2006 novel by David Wellington

13 Bullets is a vampire novel by David Wellington, published in serial online in March, 2006.

==Plot introduction==
13 Bullets takes place in Pennsylvania in the year 2003, in a setting similar to the real world, but where vampires and other supernatural forces are rare but accepted phenomena. It is widely believed that vampires were all but wiped out twenty years ago by Special Deputy Jameson Arkeley. The last vampire still in existence, Justinia Malvern, long imprisoned in a nearly abandoned sanitarium, has somehow managed to bestow her vampiric curse to the outside world and is working to free herself of human confinement. Pennsylvania State Trooper Laura Caxton is assigned to assist Arkeley hunt down the vampires running loose in rural Pennsylvania.

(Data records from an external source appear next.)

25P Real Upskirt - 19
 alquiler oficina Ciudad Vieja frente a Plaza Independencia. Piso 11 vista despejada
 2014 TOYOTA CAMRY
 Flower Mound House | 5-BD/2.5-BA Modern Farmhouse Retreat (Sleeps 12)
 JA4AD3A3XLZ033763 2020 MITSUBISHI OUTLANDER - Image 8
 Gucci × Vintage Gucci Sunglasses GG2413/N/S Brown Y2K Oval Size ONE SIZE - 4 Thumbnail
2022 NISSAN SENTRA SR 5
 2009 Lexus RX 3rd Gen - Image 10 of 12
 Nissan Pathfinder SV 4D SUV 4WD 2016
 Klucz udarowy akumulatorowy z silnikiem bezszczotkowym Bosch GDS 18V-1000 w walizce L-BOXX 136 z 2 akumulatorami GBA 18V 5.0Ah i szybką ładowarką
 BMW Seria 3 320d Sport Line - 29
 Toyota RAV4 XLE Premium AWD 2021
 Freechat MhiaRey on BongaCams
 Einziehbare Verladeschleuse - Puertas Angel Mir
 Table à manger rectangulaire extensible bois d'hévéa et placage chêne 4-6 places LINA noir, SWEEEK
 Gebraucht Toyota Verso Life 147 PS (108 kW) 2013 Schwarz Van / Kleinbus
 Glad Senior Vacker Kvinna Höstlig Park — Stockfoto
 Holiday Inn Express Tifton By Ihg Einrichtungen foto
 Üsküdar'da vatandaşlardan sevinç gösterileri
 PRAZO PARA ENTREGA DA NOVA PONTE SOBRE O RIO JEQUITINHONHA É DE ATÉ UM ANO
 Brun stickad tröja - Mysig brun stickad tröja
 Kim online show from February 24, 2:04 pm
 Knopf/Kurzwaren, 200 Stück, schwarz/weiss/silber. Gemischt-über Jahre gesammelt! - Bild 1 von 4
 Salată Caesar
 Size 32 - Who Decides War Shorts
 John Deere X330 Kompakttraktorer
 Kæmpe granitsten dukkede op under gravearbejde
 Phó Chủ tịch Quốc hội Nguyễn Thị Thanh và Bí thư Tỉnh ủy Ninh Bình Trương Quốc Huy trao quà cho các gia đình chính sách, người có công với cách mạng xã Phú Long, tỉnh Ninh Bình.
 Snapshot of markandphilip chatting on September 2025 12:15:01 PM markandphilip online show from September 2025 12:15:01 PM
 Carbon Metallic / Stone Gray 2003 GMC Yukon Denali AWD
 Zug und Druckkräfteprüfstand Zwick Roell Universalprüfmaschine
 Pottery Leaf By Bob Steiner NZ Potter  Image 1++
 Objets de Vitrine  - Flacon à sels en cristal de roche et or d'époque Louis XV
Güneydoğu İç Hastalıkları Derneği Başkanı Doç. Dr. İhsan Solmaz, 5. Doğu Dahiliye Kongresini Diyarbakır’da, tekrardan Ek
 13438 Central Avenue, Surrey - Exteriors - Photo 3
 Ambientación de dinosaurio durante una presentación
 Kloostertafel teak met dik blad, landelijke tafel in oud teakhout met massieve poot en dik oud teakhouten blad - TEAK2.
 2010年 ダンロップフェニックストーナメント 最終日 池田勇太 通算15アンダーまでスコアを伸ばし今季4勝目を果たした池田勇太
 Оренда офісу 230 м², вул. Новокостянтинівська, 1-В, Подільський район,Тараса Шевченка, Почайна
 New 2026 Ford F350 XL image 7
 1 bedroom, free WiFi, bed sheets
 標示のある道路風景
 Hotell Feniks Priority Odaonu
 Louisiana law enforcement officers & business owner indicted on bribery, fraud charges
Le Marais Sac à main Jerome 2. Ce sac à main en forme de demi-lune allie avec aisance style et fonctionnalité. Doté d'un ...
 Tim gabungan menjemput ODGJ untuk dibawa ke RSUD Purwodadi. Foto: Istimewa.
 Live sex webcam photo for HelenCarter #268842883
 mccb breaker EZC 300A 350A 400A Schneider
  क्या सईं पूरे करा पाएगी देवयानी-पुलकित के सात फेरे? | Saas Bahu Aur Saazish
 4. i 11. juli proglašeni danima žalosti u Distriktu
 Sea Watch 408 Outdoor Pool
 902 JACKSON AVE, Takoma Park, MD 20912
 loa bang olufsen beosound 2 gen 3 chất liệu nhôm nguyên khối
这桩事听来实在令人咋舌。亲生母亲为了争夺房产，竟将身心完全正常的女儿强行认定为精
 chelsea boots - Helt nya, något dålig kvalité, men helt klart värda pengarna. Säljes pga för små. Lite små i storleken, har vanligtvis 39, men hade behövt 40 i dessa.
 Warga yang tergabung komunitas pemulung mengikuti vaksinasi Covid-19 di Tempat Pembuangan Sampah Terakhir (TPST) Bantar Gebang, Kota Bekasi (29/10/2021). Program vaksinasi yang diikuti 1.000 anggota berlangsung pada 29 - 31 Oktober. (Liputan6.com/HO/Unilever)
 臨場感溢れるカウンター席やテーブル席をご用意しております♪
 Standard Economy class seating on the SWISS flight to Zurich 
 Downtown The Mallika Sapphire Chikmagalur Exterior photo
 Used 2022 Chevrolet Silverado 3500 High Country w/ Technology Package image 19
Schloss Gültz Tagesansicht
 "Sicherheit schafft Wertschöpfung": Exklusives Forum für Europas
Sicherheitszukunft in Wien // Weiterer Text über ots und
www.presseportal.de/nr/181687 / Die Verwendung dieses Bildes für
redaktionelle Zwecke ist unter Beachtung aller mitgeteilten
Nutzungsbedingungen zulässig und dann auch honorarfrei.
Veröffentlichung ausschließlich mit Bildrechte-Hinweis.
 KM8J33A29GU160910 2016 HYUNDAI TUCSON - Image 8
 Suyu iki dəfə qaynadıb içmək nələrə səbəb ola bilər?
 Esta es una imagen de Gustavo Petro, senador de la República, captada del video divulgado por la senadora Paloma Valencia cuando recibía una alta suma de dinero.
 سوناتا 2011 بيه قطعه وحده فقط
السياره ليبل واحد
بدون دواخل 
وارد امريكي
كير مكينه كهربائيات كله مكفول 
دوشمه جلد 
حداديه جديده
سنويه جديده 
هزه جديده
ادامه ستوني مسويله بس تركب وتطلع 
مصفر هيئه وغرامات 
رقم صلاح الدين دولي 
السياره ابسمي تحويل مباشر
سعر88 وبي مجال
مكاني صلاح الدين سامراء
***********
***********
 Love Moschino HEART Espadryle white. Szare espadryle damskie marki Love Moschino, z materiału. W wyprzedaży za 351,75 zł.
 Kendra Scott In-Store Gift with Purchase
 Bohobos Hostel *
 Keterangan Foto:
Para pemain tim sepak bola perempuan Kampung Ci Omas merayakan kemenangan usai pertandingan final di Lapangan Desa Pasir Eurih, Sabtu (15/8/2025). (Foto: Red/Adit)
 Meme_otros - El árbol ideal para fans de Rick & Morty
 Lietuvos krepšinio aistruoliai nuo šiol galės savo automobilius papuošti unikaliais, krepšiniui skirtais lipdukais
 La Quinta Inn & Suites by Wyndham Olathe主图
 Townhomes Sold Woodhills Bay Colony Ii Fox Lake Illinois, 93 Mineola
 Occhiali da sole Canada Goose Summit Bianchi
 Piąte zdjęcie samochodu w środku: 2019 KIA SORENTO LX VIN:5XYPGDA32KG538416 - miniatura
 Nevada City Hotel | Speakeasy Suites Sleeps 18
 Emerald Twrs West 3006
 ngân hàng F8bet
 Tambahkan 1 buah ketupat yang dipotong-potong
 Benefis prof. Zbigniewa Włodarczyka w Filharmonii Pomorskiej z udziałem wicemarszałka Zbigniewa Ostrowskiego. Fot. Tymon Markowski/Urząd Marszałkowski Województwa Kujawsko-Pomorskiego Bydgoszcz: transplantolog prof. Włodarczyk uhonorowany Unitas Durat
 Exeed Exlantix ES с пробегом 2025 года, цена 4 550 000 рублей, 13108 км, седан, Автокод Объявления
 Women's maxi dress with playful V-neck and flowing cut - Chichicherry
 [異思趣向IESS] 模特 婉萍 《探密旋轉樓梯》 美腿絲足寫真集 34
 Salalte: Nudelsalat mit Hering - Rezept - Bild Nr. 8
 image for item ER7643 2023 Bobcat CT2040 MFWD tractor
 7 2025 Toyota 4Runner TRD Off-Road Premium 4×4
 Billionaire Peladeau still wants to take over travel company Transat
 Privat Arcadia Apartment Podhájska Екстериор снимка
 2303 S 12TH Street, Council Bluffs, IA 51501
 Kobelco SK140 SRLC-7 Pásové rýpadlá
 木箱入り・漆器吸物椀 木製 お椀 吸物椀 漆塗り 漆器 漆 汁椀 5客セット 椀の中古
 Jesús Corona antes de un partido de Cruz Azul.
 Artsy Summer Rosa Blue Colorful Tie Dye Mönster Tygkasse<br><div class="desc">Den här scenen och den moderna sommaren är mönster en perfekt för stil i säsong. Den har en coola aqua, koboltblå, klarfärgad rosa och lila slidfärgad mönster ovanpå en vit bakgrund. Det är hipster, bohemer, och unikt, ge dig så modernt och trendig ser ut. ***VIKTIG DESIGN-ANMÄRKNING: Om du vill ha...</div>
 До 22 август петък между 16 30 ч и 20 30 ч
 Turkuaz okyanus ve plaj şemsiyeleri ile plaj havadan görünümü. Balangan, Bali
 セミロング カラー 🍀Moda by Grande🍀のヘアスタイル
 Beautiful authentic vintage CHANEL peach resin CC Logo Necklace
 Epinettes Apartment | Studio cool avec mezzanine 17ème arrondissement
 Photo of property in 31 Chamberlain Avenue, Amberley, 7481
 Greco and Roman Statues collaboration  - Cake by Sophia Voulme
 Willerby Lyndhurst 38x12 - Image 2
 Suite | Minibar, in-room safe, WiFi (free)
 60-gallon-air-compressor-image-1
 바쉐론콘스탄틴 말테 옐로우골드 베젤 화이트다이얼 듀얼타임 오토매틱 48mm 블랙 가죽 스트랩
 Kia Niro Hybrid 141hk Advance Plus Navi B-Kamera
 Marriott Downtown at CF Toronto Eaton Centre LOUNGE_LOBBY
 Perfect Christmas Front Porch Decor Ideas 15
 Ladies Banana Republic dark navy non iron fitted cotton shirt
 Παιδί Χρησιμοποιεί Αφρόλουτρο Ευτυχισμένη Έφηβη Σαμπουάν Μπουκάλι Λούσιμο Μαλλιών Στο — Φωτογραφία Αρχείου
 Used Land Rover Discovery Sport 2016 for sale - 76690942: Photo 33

==Vampire nature in 13 Bullets==

The vampires in David Wellington's novel seem to lose all their human appearances once turned. Their ears become pointed, their hair falls out, all teeth become wickedly sharp, and skin color always becomes pale white, regardless of ethnicity and pigmentation in life. The vampire must remain in a coffin during the day, as their bodies literally die each sunrise, and flesh melts into a noxious fluid, with dead skin and maggots. They are put together when dusk comes, thus getting a new body at night. Physical damage, such as mangled ears, is repaired each morning, but atrophy due to blood-starvation is not.

The method of transferring the curse is very different from the "traditional" way. To transfer the curse one must accept the vampire's invitation to undeath, and then kill one's self to be reborn.

Vampires also have the power to resurrect their victims from the dead to create undead servants. These "half-deads" quickly decay, and thus have weak and fragile bodies. In one scene, Arkeley tells Caxton, that the half-deads are "cowards" and are very easily frightened, though they seem to stand their ground despite massive casualties in later encounters. In combat, they typically use knives and other hand-to-hand weapons, as their hand-eye coordination is too poor to properly use firearms.

Vampires are nearly unstoppable. They exhibit increased speed and vastly enhanced physical strength (enough to twist open a steel padlock using bare hands). As long as they have a supply of blood, they can heal grievous wounds, including massive brain injuries, in seconds. The only way to kill one is by destroying the heart, which is protected by an area of steel-hard skin. The vampire is weakest when it regurgitates blood - usually to feed another vampire - and can potentially be killed with a single shot at this moment. Arkeley himself uses a Glock .23 with cross-pointed bullets, which fragment within the target's body. It is suggested that a vampire with reserves of consumed blood in its body may be able to heal damage to its heart in time to prevent its death.

Unlike most traditional vampires, Wellington's vampires do age to a degree, with the result that their need for blood increases significantly as their body decays over time; the oldest vampire in the series, at over three centuries of age, has reached a point where she will allegedly require five to six gallons of blood just to walk on her own, with younger vampires taking on the responsibility of 'feeding' their elders by bringing them blood.

==Release details==
13 Bullets was printed in book form in 2007 by Three Rivers Press.

==Reception==
13 Bullets has gathered mostly positive reviews from horror fans. Flamesrising.com called the novel a “modern action adventure with deadly vampires, great writing and a few clever plot twists”. Revish stated that Wellington's work was “a worthy addition to an overcrowded genre”.